**WHAT THIS TASK INVOLVES:** Give back exactly the lines of the material below that start at the one holding "Vista panorámica del" and end at the last line, minus the pictures.

**COLLECTED DATA:**
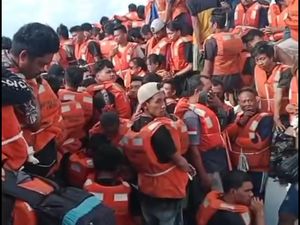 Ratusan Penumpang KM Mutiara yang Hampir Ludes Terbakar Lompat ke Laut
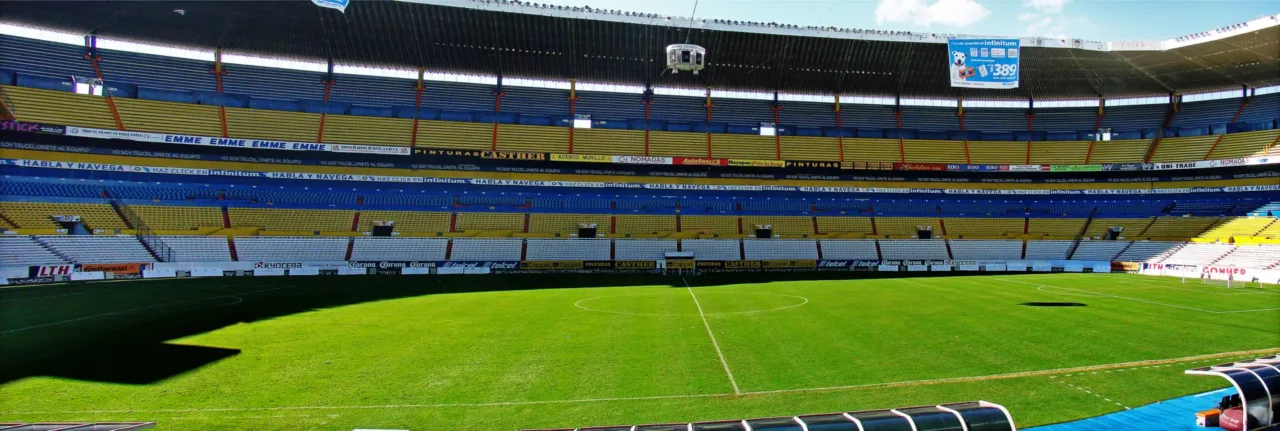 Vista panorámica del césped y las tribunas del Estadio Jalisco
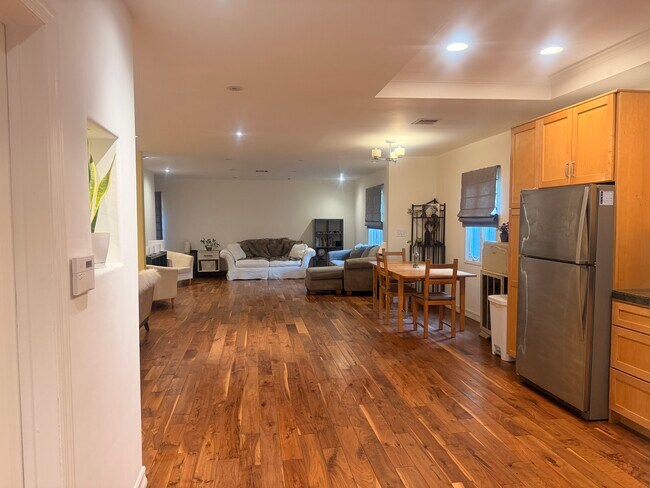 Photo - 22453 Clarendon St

**RESULT:**
 Vista panorámica del césped y las tribunas del Estadio Jalisco
 Photo - 22453 Clarendon St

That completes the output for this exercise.